## Records shown
<<<<

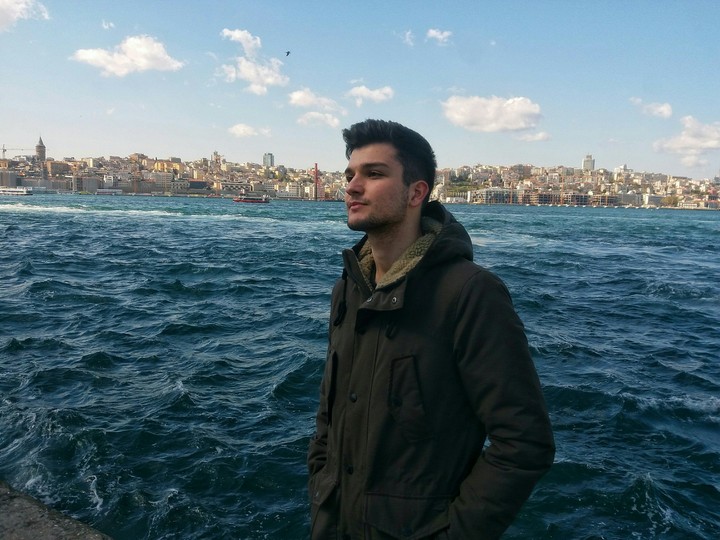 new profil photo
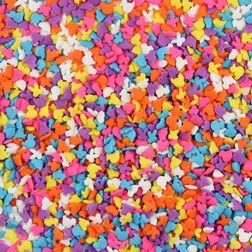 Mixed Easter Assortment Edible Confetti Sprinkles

>>>>
<<<<

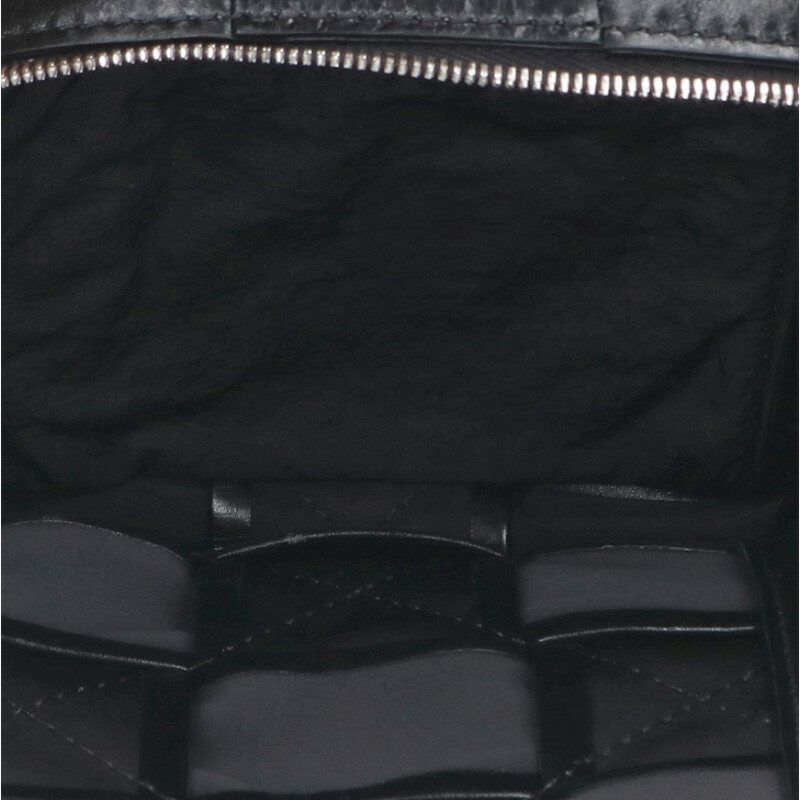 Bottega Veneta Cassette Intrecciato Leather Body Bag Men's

>>>>
<<<<

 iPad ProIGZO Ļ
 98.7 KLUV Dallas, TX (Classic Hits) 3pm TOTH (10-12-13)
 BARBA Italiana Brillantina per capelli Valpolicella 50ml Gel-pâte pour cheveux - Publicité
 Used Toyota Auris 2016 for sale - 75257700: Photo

>>>>

## Task to complete
After locating the line holding "iPad ProIGZO Ļ" above, output exactly that line and every line after it through the line holding "Used Toyota Auris". Include nothing else.

## Result for this task
 iPad ProIGZO Ļ
 98.7 KLUV Dallas, TX (Classic Hits) 3pm TOTH (10-12-13)
 BARBA Italiana Brillantina per capelli Valpolicella 50ml Gel-pâte pour cheveux - Publicité
 Used Toyota Auris 2016 for sale - 75257700: Photo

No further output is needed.